The Bullish Hikkake is a bullish reversal pattern that often emerges in a bearish market or downtrend. It starts with an inside bar, where the price action is contained within the previous candle, signaling consolidation or indecision in the market. The subsequent candle breaks out in the opposite direction, creating a false move that traps sellers. However, the market quickly reverses, and a strong bullish move follows, indicating that buyers have regained control. This pattern is valuable for traders looking to capitalize on market reversals, especially when it occurs near key support levels or is confirmed by an increase in trading volume.
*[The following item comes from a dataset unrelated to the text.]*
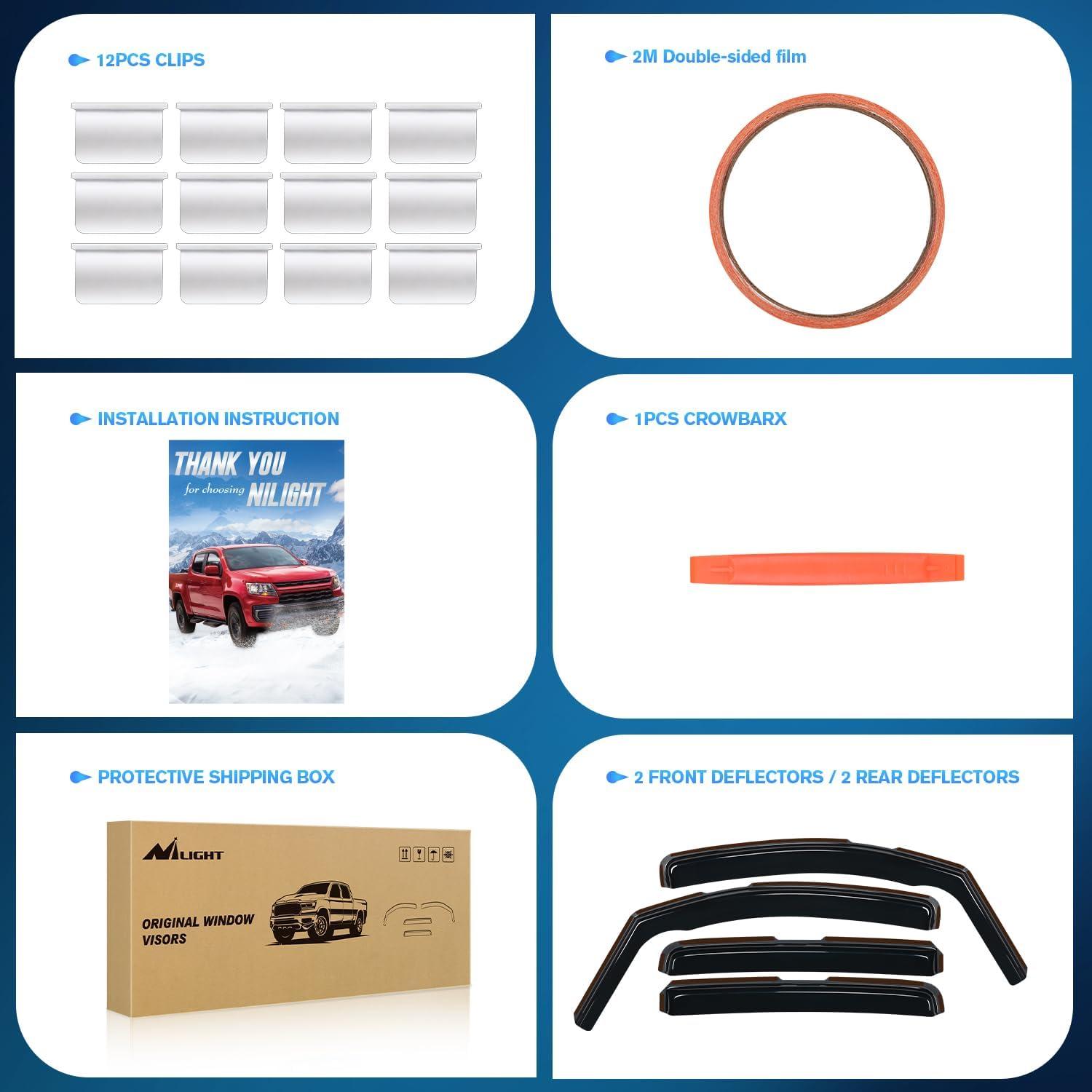 imageNilight in Channel Window Deflectors for Chevrolet Chevy Trax 2014 2015 2016 2017 2018 2019 2020 2021 2022 2023 Buick Encore 20132023 Vent Window Visors Rain Guards4PCSChevy Trax 20142023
17. Bullish Hikkake Pattern

18. Concealing Baby Swallow Pattern

Signal: Bullish Pattern

The Concealing Baby Swallow is a rare and complex pattern that forms during a downtrend and signals a potential bullish reversal. It consists of four candles, all of which are bearish. The first two being long bearish candles followed by a third bearish candle that is completely engulfed by the fourth bearish candle. The final candle opens lower and closes higher, indicating that the bearish momentum has weakened, and a reversal might be on the horizon. Traders interpret this pattern as a sign of selling exhaustion and the possibility of a new upward move, making it a critical signal for those looking to catch a reversal in a downtrend.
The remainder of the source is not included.